Task instructions: Collect each line of the records containing the string "Cachorro".

[Scraped caption text data]
****************

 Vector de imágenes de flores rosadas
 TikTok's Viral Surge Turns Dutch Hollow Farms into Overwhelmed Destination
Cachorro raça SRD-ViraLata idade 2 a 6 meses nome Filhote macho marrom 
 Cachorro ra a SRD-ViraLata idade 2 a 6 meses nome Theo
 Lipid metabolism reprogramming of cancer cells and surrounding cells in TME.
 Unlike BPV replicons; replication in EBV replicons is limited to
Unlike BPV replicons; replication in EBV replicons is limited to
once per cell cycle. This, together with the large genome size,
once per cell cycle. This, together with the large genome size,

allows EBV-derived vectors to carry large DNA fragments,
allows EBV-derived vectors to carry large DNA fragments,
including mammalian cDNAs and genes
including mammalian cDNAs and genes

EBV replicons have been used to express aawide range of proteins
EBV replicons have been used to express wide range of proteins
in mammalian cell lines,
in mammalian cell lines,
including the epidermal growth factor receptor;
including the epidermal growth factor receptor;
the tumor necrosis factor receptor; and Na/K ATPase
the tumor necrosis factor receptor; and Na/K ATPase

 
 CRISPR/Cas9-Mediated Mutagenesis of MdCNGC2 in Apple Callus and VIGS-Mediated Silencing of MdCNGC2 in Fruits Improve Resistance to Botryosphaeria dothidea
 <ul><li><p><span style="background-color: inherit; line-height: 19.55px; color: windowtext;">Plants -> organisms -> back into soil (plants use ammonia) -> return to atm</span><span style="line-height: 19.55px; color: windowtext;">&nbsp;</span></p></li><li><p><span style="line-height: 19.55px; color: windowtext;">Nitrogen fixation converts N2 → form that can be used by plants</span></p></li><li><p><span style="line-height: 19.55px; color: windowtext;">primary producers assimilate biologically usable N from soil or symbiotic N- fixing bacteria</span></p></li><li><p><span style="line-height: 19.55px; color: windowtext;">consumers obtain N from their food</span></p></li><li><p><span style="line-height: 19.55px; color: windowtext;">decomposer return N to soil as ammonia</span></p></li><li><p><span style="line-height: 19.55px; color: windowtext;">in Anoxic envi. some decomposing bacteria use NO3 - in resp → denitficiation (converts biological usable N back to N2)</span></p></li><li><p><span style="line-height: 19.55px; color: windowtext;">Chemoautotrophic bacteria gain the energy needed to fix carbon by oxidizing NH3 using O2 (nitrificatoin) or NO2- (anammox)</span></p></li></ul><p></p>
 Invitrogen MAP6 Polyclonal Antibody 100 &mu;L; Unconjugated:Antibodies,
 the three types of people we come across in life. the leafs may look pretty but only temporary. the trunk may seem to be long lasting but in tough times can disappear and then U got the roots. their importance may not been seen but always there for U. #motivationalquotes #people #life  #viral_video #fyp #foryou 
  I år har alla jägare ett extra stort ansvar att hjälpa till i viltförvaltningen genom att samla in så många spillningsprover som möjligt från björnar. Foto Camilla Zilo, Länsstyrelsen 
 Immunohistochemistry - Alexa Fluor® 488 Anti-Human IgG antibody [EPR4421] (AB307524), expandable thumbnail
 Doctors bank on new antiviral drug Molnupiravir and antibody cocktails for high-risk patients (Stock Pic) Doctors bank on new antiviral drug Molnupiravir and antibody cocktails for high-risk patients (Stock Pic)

****************

Answer below:
Cachorro raça SRD-ViraLata idade 2 a 6 meses nome Filhote macho marrom 
 Cachorro ra a SRD-ViraLata idade 2 a 6 meses nome Theo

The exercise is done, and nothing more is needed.